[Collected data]
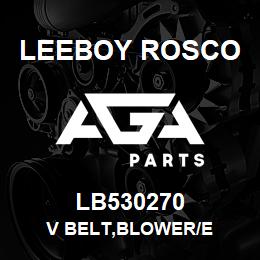 LB530270 Leeboy Rosco V BELT,BLOWER/E | AGA Parts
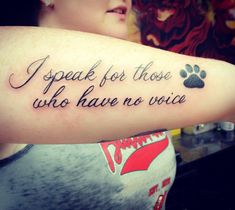 a person with a tattoo on their arm that says i speak for those who have no voice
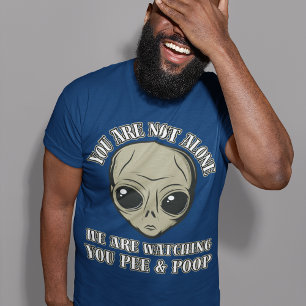 Funny Alien "You are Not Alone" Comedy Bathroom T-Shirt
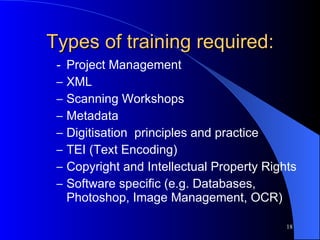 Types of training required: - Project Management XML Scanning Workshops Metadata Digitisation  principles and practice TEI (Text Encoding) Copyright and Intellectual Property Rights Software specific (e.g. Databases, Photoshop, Image Management, OCR) 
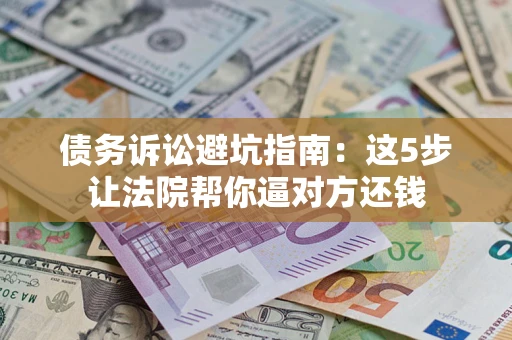 武汉债务诉讼避坑指南：这5步让法院帮你逼对方还钱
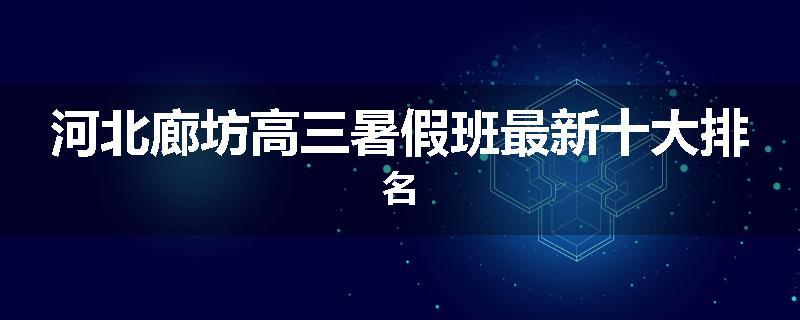 河北廊坊高三暑假班最新十大排名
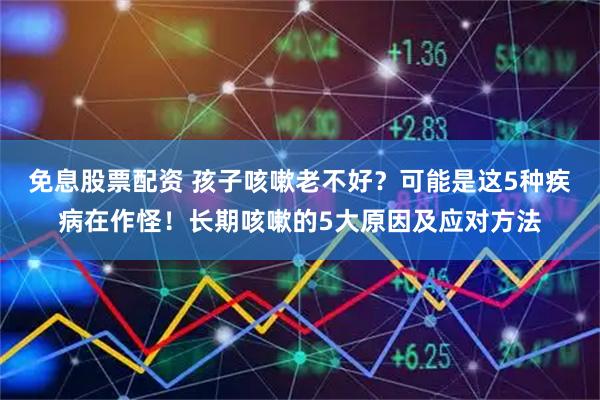 免息股票配资 孩子咳嗽老不好?可能是这5种疾病在作怪!长期咳嗽的5大原因及应对方法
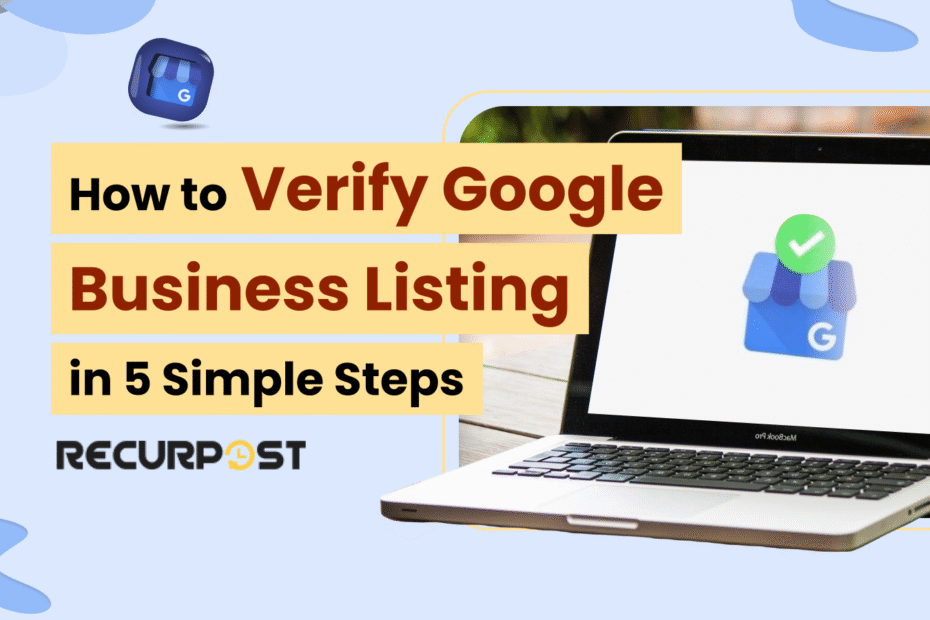 How to Verify Google Business Listing in 5 Simple Steps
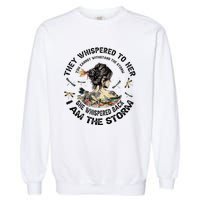 Womens Dragonfly Black Women She Whispered Back I Am The Storm Garment-Dyed Sweatshirt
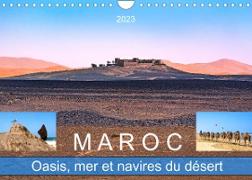 Maroc ¿ Oasis, mer et navires du désert (Calendrier mural 2023 DIN A4 horizontal)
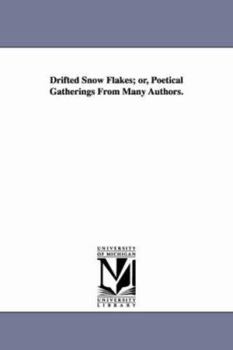 Paperback Drifted Snow Flakes; or, Poetical Gatherings From Many Authors. Book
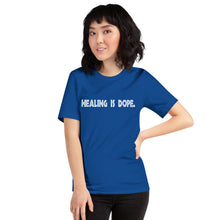 Load image into Gallery viewer, Short-Sleeve Unisex T-Shirt - Healing is DOPE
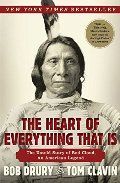 Heart of Everything That Is: The Untold Story of Red Cloud, An American Legend HC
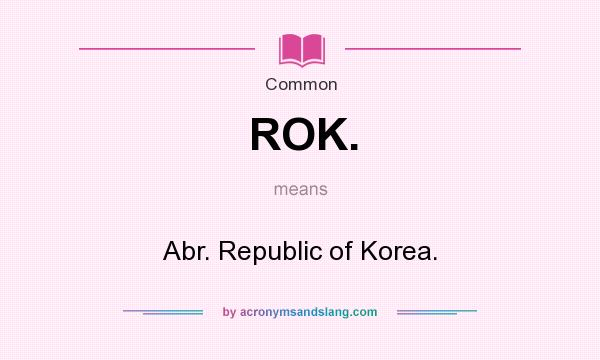 What does ROK. mean? It stands for Abr. Republic of Korea.
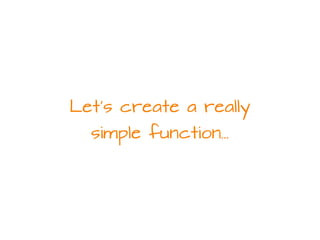 Let's create a really
simple function…
 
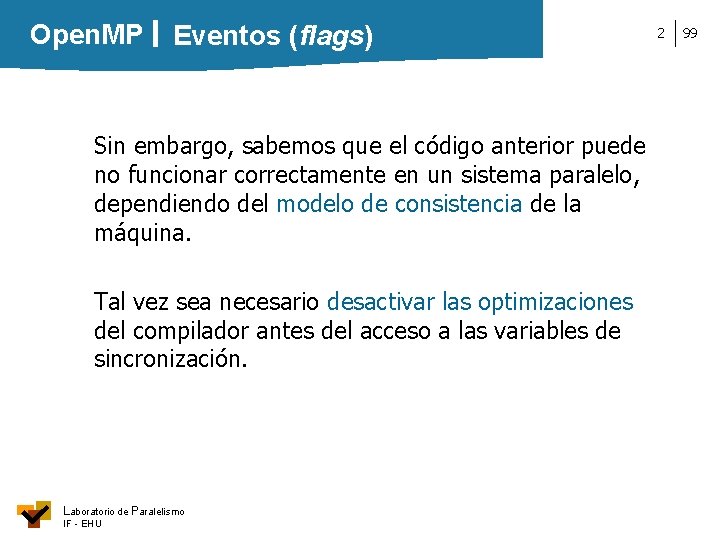 Open. MP Eventos (flags) Sin embargo, sabemos que el código anterior puede no funcionar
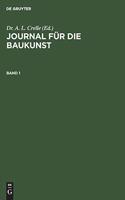 Journal Für Die Baukunst. Band 1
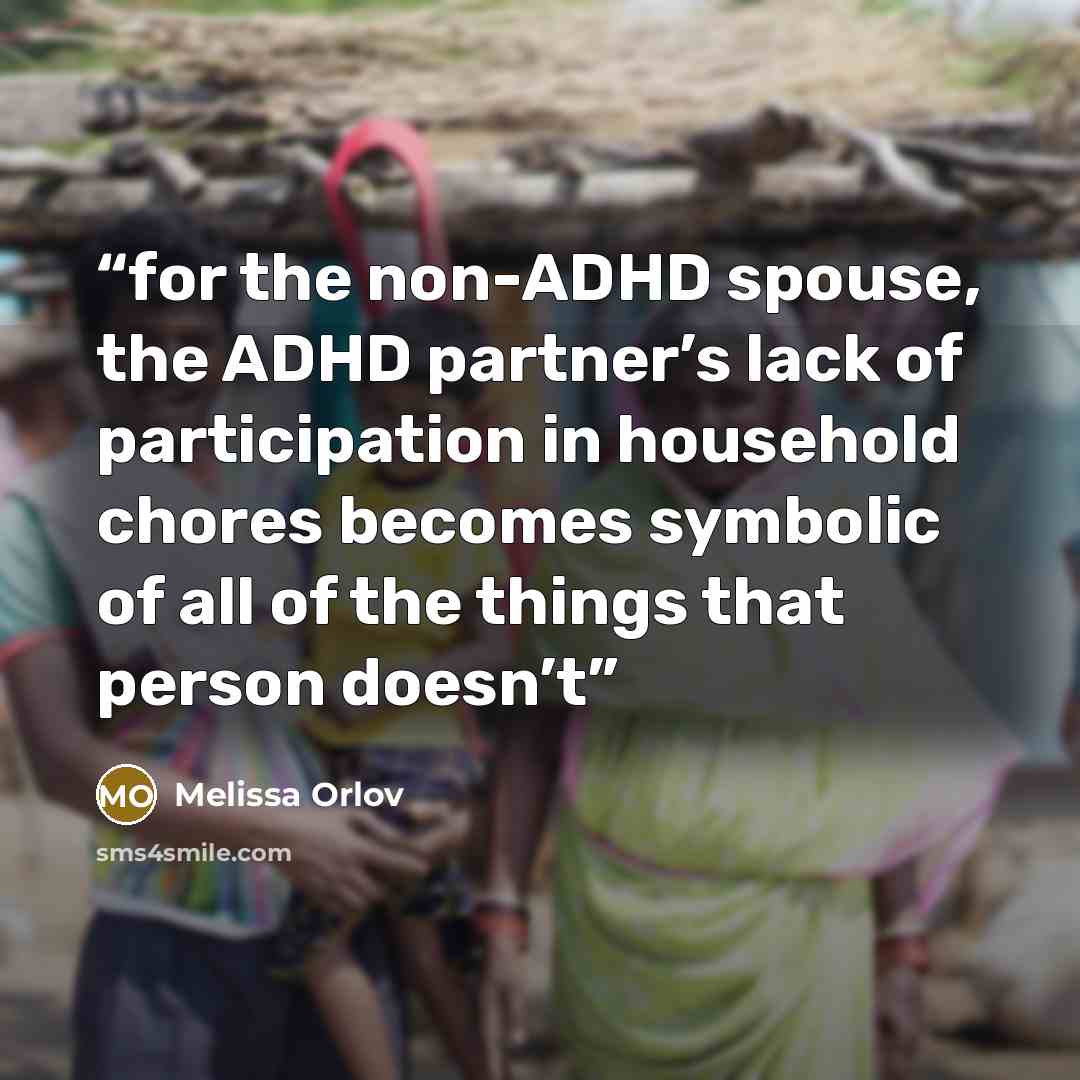“for the non-ADHD spouse, the ADHD partner’s lack of participation in household chores becomes symbolic of all of the things that person doesn’t” quote by Melissa Orlov
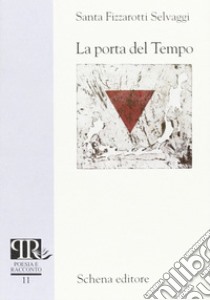 La porta del tempo libro di Fizzarotti Selvaggi Santa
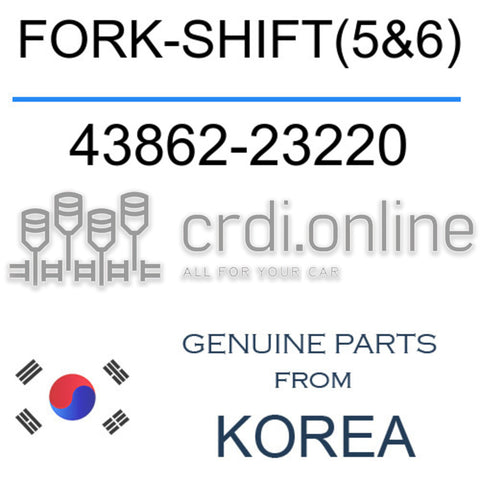 FORK-SHIFT(5&6) [ORIGINAL] 43862-23220 4386223220 43862 23220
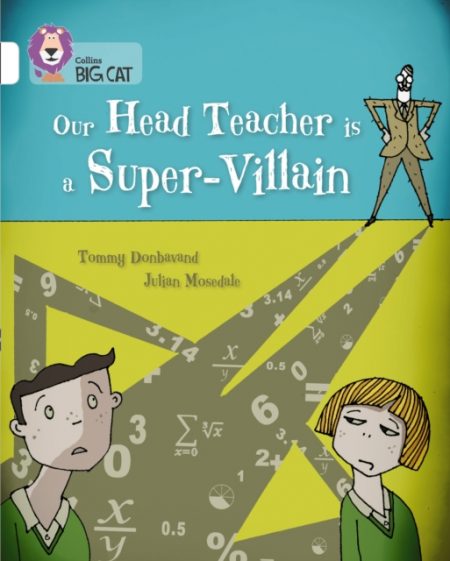 Our Head Teacher is a Super-Villain : Band 10/White - 9780007591220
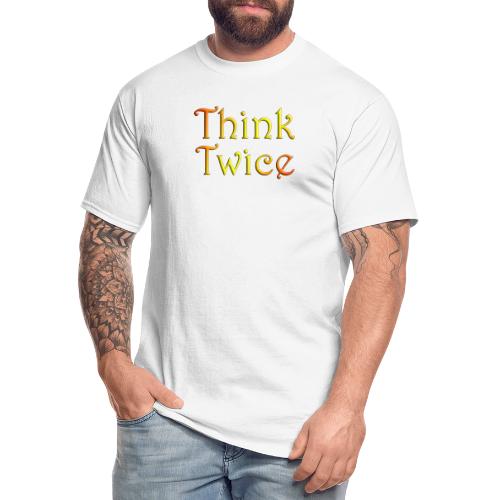 Think Twice - quote - Men's Tall T-Shirt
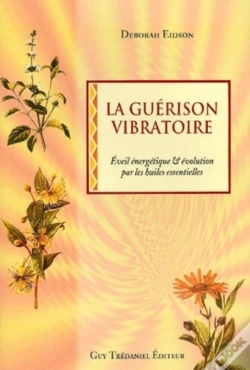 Capa do artigo La Guérison Vibratoire ; Éveil Ébergétique Et Évolution Par Les Huiles Essentielles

* PROMPT:
The answer must consist only of the lines from the beginning of the entries above through the line that holds "Maroc ¿ Oasis, mer", reproduced exactly and without pictures.

* SOLUTION TO THIS PROBLEM:
 LB530270 Leeboy Rosco V BELT,BLOWER/E | AGA Parts
 a person with a tattoo on their arm that says i speak for those who have no voice
 Funny Alien "You are Not Alone" Comedy Bathroom T-Shirt
 Types of training required: - Project Management XML Scanning Workshops Metadata Digitisation  principles and practice TEI (Text Encoding) Copyright and Intellectual Property Rights Software specific (e.g. Databases, Photoshop, Image Management, OCR) 
 武汉债务诉讼避坑指南：这5步让法院帮你逼对方还钱
 河北廊坊高三暑假班最新十大排名
 免息股票配资 孩子咳嗽老不好?可能是这5种疾病在作怪!长期咳嗽的5大原因及应对方法
 How to Verify Google Business Listing in 5 Simple Steps
 Womens Dragonfly Black Women She Whispered Back I Am The Storm Garment-Dyed Sweatshirt
 Maroc ¿ Oasis, mer et navires du désert (Calendrier mural 2023 DIN A4 horizontal)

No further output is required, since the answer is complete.